Data Cleaning
Data cleaning is the process of fixing or removing incorrect, corrupted, incorrectly formatted, duplicate, or incomplete data within a dataset. It's a crucial step in the data preparation phase.
Common Data Cleaning Tasks
- Handling Missing Values: Decide whether to impute or remove missing data.
- Removing Duplicates: Identify and remove duplicate entries.
- Fixing Structural Errors: Correct typos, inconsistent capitalization, etc.
- Handling Outliers: Decide how to treat extreme values.
Techniques for Data Cleaning
Handling Missing Values
# Fill missing values with the mean
df['column'].fillna(df['column'].mean(), inplace=True)

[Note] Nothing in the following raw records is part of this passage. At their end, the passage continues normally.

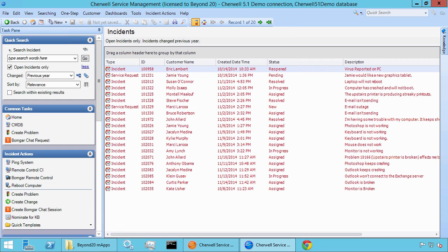Hello, this is Robert with Beyond 20. Today we're working in ShareWell version 5, and one request that we often receive is being able to automatically assign a team based on the classification of a ticket in ShareWell.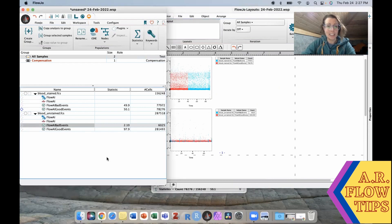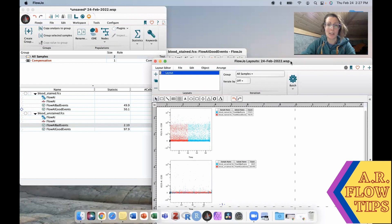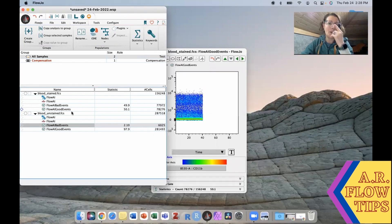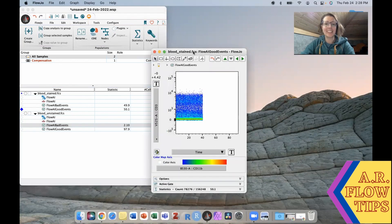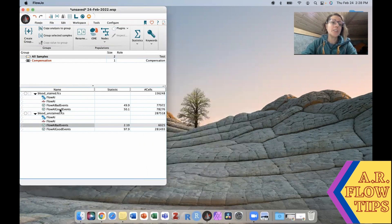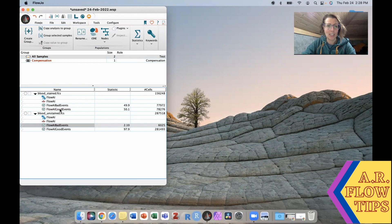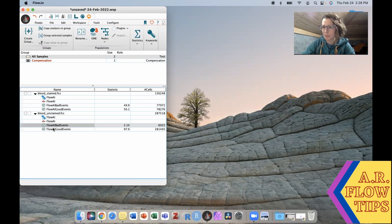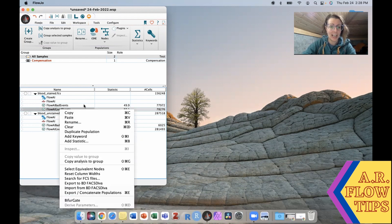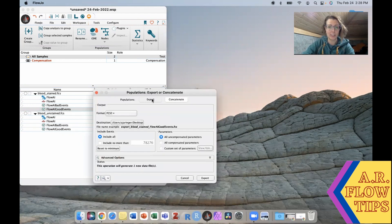Now in my FlowJo crash I lost my original gate. Lesson learned, always save. But it allows me to show you actually another part of my workflow. What I normally do at this point, because transferring gates between gates that aren't matched can be a little bit of a pain especially in a big experiment, is go in here and actually export this population.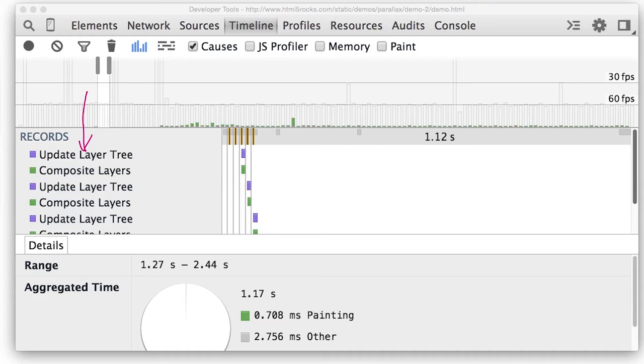CompositeLayers is the other record where the browser is now putting the page together to send to the screen.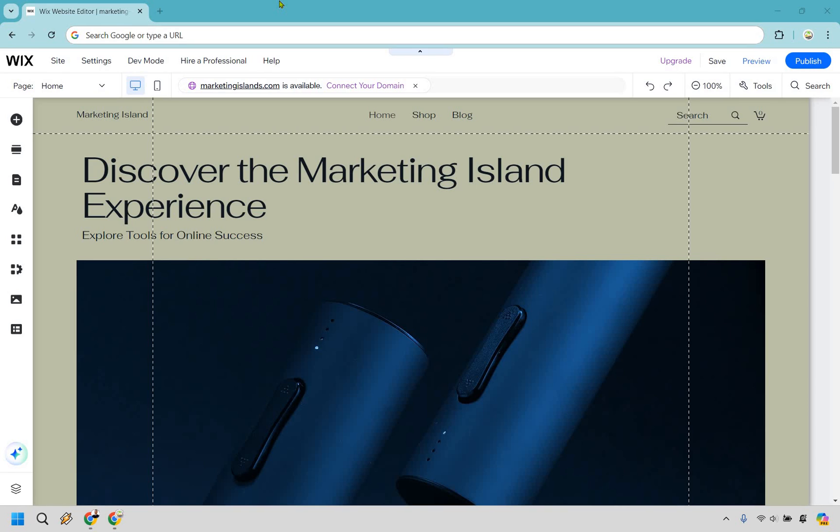So here's how to add a new page on your Wix website. It's very easy to do and you can follow along with me right now. So the only thing you're going to have to do is get to your specific website that you want to edit.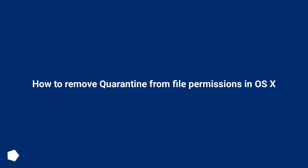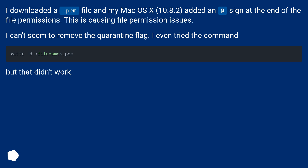How to remove quarantine from file permissions in OS X. I downloaded a .pem file in Mac OS X 10.8.2, and it added a quarantine sign at the end of the file permissions. This is causing file permission issues, and I can't seem to remove the quarantine flag.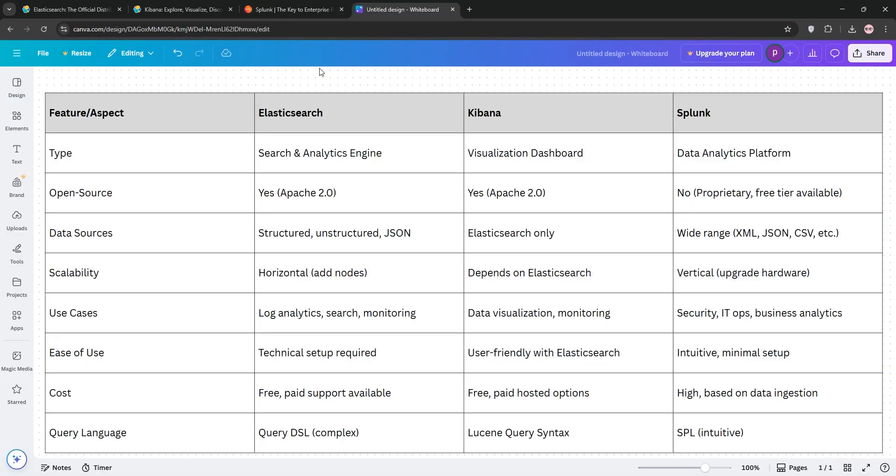Now, let's compare them. Elasticsearch is the core engine, great for scalable, real-time analytics, but requires technical setup.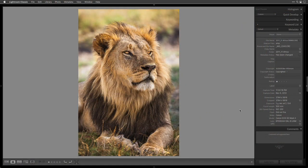Before we dive in and actually process the image, let's take a look at the camera settings. This was shot on an old Canon 5D Mark II back in 2012 with a 500 millimeter f4 lens. I shot it at f5.6 — had I stopped down a little bit more it would have been crisper — but I did want to get the back portion of the lion out of focus so your attention is right here.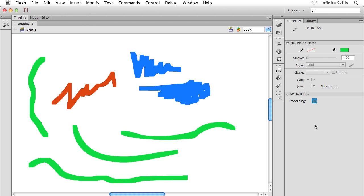I hope that makes sense. This is meant to really just be a brief introduction to the paintbrush tool. What I now want to do is take a closer look at Flash's paintbrush modes. This is where things start getting a little bit more interesting. Let's go and check it out.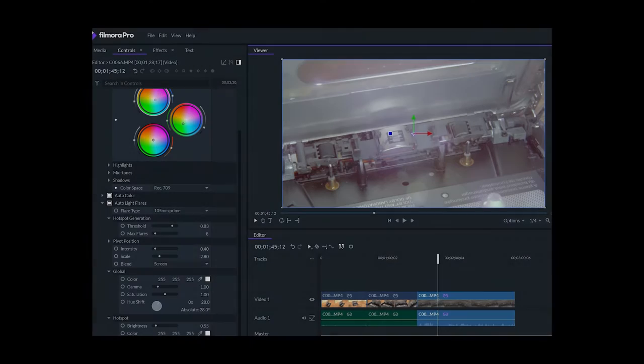At number two, for advanced editors, there is Filmora Pro. It's like a downloaded version of Premiere Pro and you can buy or download this software on your PC. Here you need to create effects manually — this software gives you the feeling of working in Premiere Pro.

# Or drop rows with missing values
df.dropna(inplace=True)
# Or drop empty columns
df = df.drop(['column'],axis=1)
# Remove duplicate rows
df.drop_duplicates(inplace=True)
# Using IQR method to remove outliers
Q1 = df['column'].quantile(0.25)
Q3 = df['column'].quantile(0.75)
IQR = Q3 - Q1
df = df[(df['column'] >= Q1 - 1.5*IQR) & (df['column'] <= Q3 + 1.5*IQR)]
Common questions
- When to drop null / empty values?
- Drop missing or sparse rows/columns
- Null values can break model
- Data cleaning / dropping values depends on EDA findings
- If given column has too many missing values:
- Drop column
- If target column has missing values:
- Drop rows with missing targets
- Or treat as separate category
- What to do when there are only a few missing values?
- Imputation:
- Fill missing values with substitutes
- Strategies
- Fill with mean or median
- Use constant or previous value
Advanced imputation
Advanced techniques:
- K-nearest neighbors
- SMOTE (synthetic minority oversampling technique)
from sklearn.impute import KNNImputer# Initialize KNNImputer
imputer = KNNImputer (n_neighbors=2, weights="uniform")
# Perform the imputation on your DataFrame
df_imputed['oldpeak'] = imputer.fit_transform(df ['oldpeak'])